My live painting ministry is a ministry, period. That being said, there is an element of performance to it. While I do my best to be led by the Spirit, there is a certain amount of planning and preparation necessary to do a complete painting in four to ten minutes. Also certain presentations require a certain amount of space, projection capabilities, etc. If I’m driving, I can take care of most to these contingencies on my own, but I am looking to a time in the not too distant future when more opportunities will involve flying and as this happens, I will need to depend on the “venue” and the host to meet more of those needs. It is for this reason that I am considering developing a rider.

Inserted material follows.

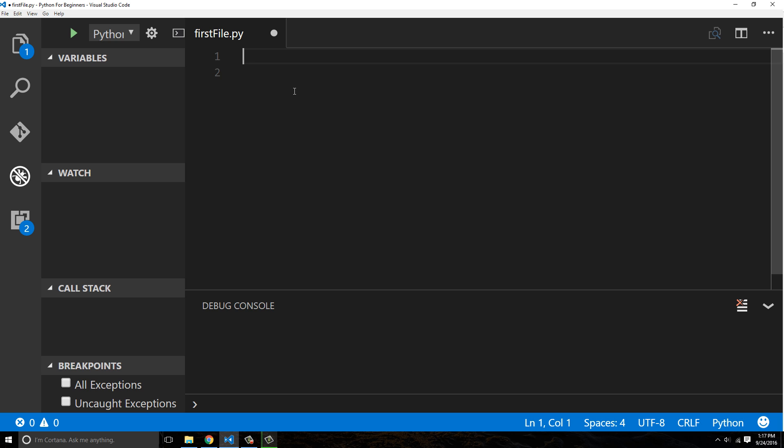The best way to do that is to use something called the range operator in Python, and you actually see this quite a bit as well. So we're gonna say my_list, and this is just gonna be a bunch of numbers, equals one, two, three...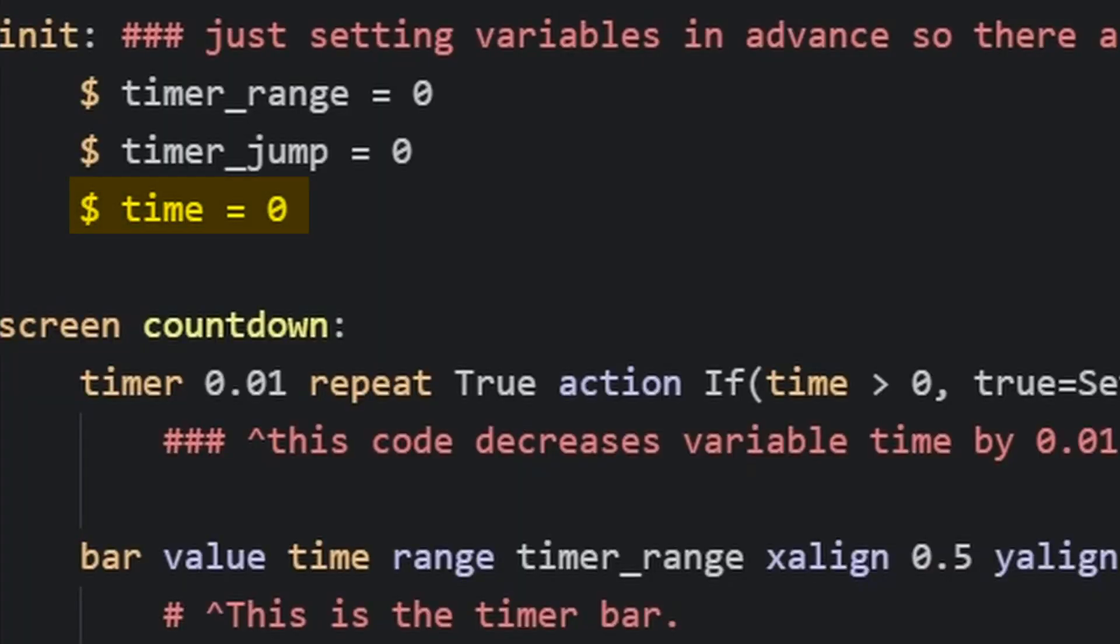So time will be the time the clock will count down from in seconds, and timer_range is the same value, but intended for the bar animation.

In case you don’t know what a rider is, it’s a list of needs (and sometimes desires) essential for a presentation or performance. If you’ve had even a passing interest in the entertainment industry, you’ve no doubt heard about some really absurd demands placed on venues by performers. One of the most notorious is Van Halen and “no brown M&Ms.” You see, back in the day, Van Halen used to demand that their dressing room have a large punch bowl, filled with M&Ms with all the brown ones removed. This was in the days before you could go into a store and select your M&Ms by color. In other words, in any place Van Halen performed, some poor intern had to go through pounds and pounds of M&Ms and meticulously remove every single brown one. Insane and absurd demands of spoiled rock stars, right?

Well not so much. According to David Lee Roth, there was a method to the madness. Their stage production was one of the largest and heaviest ever. The rider included detailed instructions on how to prepare the floor to be able to handle it’s size and weight. One particular venue chose to ignore this part of the rider and the stage sunk into the floor, damaging it to the tune of tens of thousands of dollars. The “no brown M&Ms’ clause was added not long after. The band and their crew could go into the dressing room and see the punch bowl. If there were brown ones in the bowl, they could see the rider had not been read and judge accordingly as to whether or not they could set up.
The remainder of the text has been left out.